**TASK INSTRUCTIONS**
For this exercise, return only the lines in the records below from the one holding "Pike Brothers 1942 C2 Vest waxed khaki" through the one holding "Grassy Harbour Sunrise, King Island (KI023R)", including both, exactly as they appear and without pictures.

(EXERCISE MATERIAL begins)

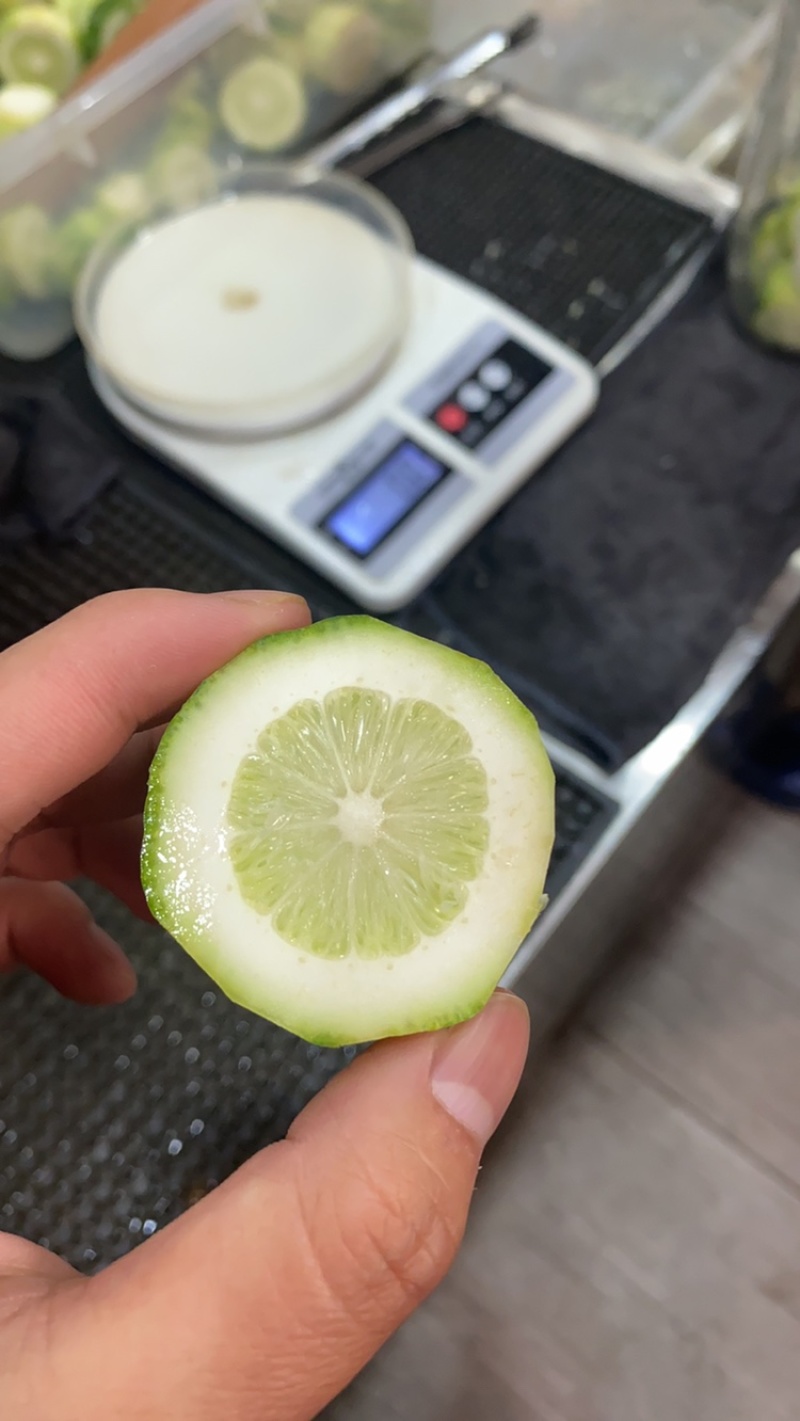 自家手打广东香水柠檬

(EXERCISE MATERIAL ends)
(EXERCISE MATERIAL begins)

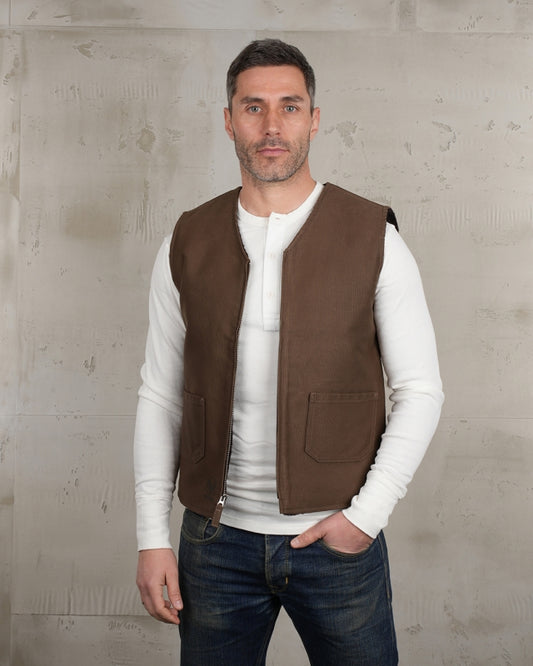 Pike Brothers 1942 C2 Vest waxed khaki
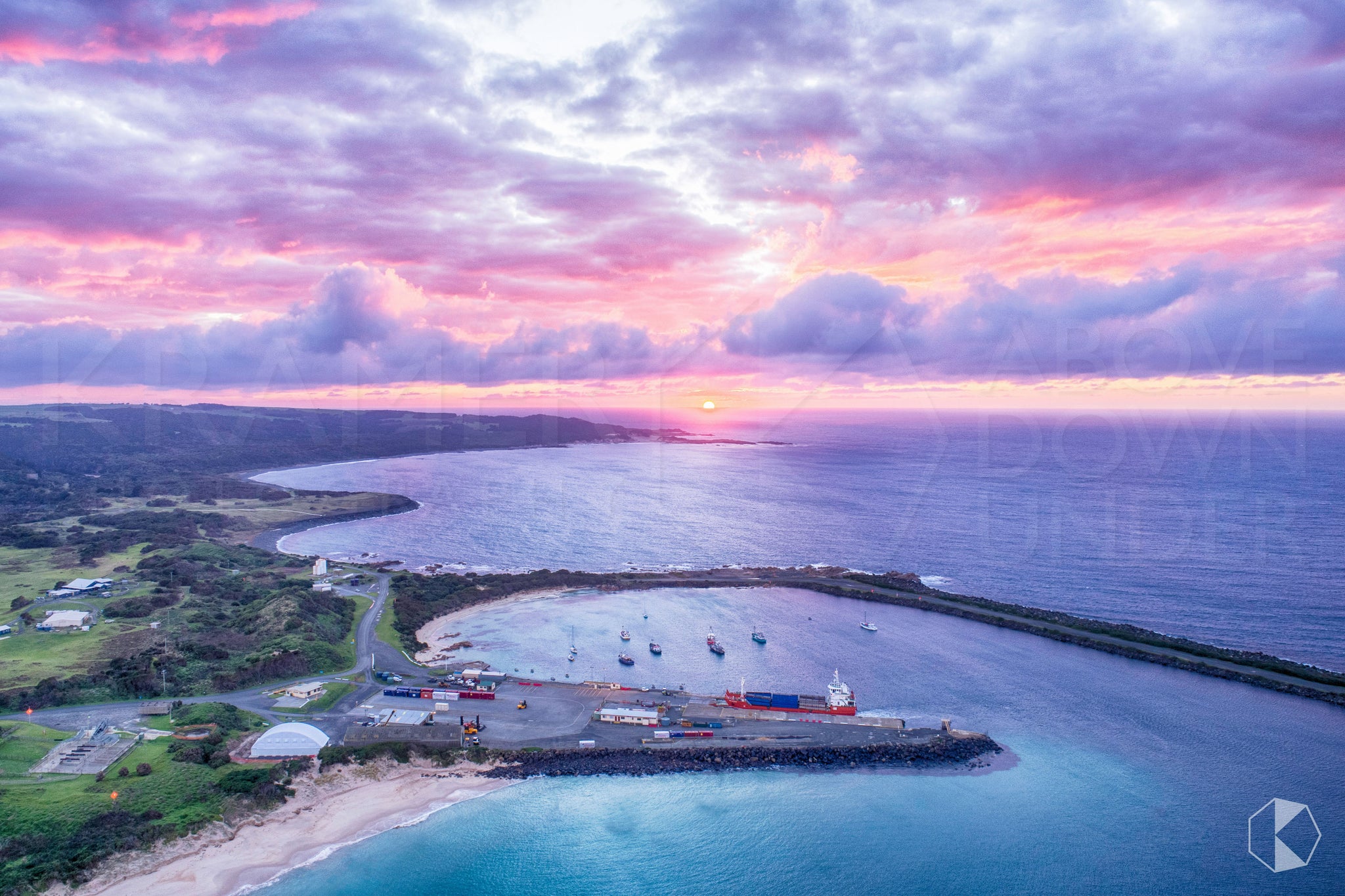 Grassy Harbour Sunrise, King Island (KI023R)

(EXERCISE MATERIAL ends)

**RESPONSE**
 Pike Brothers 1942 C2 Vest waxed khaki
 Grassy Harbour Sunrise, King Island (KI023R)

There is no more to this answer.